Refugees – like Tamam – seen as not personally threatened by the Damascus regime had to renew their residency every year, and in 2019 the government revoked the general protection afforded to all Syrians when war broke out.
The Danish Refugee Appeals Commission has since concluded that security in and around Damascus has improved enough that the need to protect people “who are not individually persecuted, but who have a temporary residence permit granted due to general circumstances, ceased to exist ”. , said Mattias Tesfaye, Danish immigration minister in the Social Democratic government.
“Denmark has been open and honest from day one,” Tesfaye said. “We made it clear to the Syrian refugees that their residence permit was temporary.”

Today, 461 Syrians in the city of Damascus, including Tamam, are expected to know “whether their residence permits will be kept, extended, changed, revoked or denied an extension,” the Immigration Ministry said this month. and Integration, adding that the status of 350 more people from the surrounding areas of Damascus are under review. The Danish immigration service said around 50 Syrians “are now staying in return centers in Denmark” – considered deportation centers.
Government advisers on Syria “strongly condemn[ed] Danish government decision ”in this week’s statement, adding:“ We do not recognize our views in any subsequent government findings or policies, nor do we consider that Denmark’s Syrian refugee policy fully reflects the views of the Danish government. actual conditions in the field. Denmark is subject to international bans against the “refoulement” of refugees – their return to a country where they risk persecution.

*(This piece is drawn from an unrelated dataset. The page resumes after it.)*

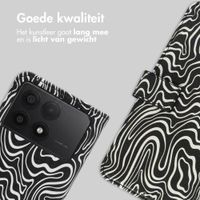imoshion Design Bookcase Xiaomi Poco X6 Pro - Black And White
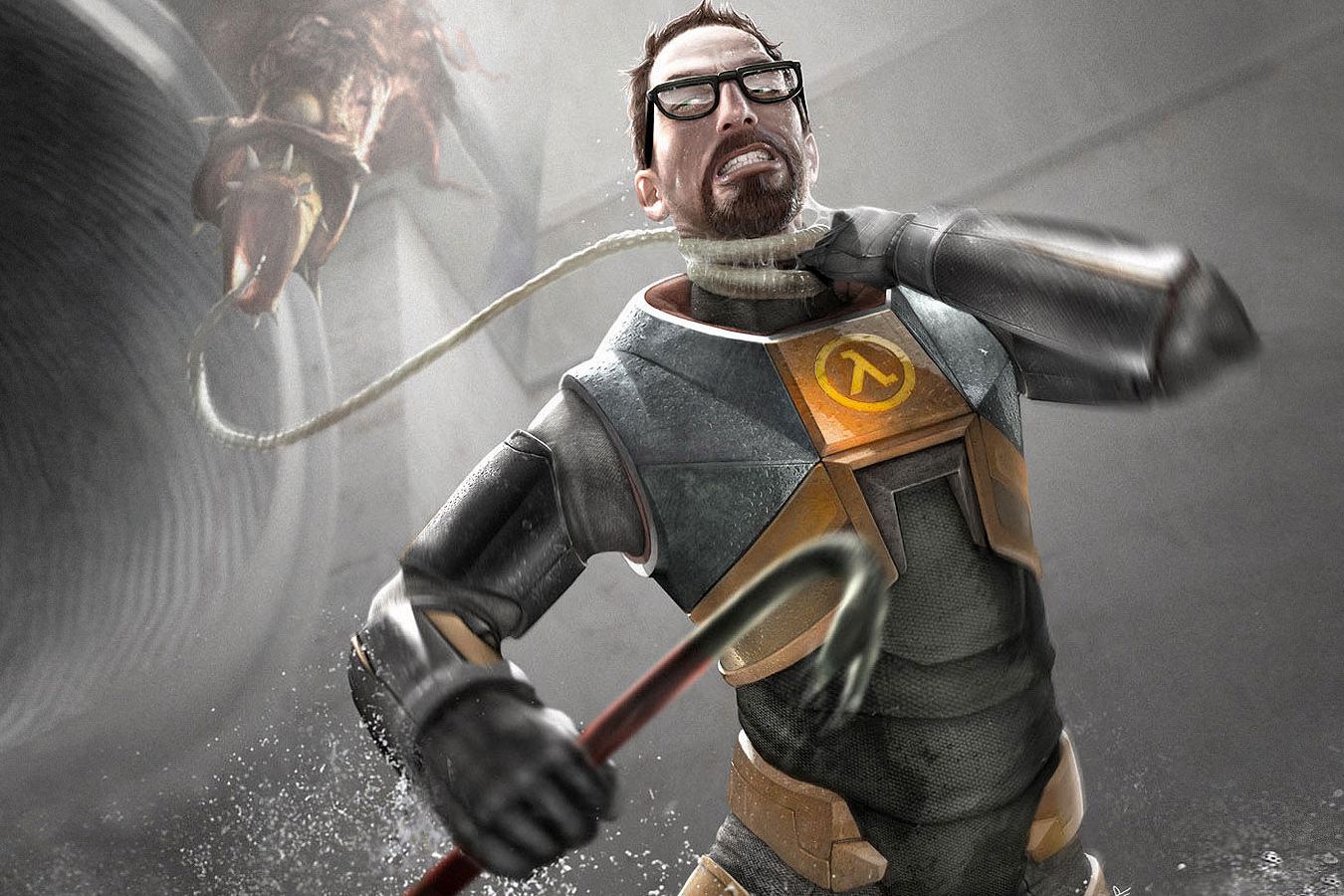 Попробовать Half-Life 2 в VR-шлеме дадут в сентябре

“Denmark’s decision was based on the fact that there were no more airstrikes because the Syrian government had taken over most of the territory of Damascus governorate,” said Sara Kayyali, HRW senior researcher on the Syria and signatory of the declaration. Yet “it is very clear that Syria is not safe for the return [as] the situation has not improved when it comes to detentions and ill-treatment. . . the risks of persecution are still alive, ”she said. “You have no way of determining if anyone is safe in Syria until that person comes back.”
At the same time, Syria’s civil conflict has metastasized into widespread hunger as its battered war economy all but collapsed, driven by the Covid-19 pandemic. The United Nations food agency estimates that 60% of Syrians do not have access to sufficient food.
It is not known if other European countries will follow the decision of the Danes. The Syrians invented the highest proportion of asylum seekers in the EU since 2013. While Sweden and the UK also noted that parts of Syria are now less dangerous, Denmark has become the first to act.
In practice, Denmark cannot expel refugees to Syria because it has no official relations with the regime of President Bashar al-Assad, which has reclaimed most of its territory lost to the rebels. Instead, it offers refugees financial incentives to recover. Those who lose their status and do not leave Denmark risk indefinite detention in Danish deportation centers. According to the Immigration Ministry, some 250 refugees returned voluntarily to Syria in 2019.
Since fleeing Syria by land and sea and arriving in Denmark on foot, Tamam has done everything from making pizza to cleaning. Denmark “has become like my country, the people here are like my people,” he said. His family joined him after three years. They also love Denmark. “My little girl said to me, ‘Baba. . . I don’t want to leave, ”Tamam said.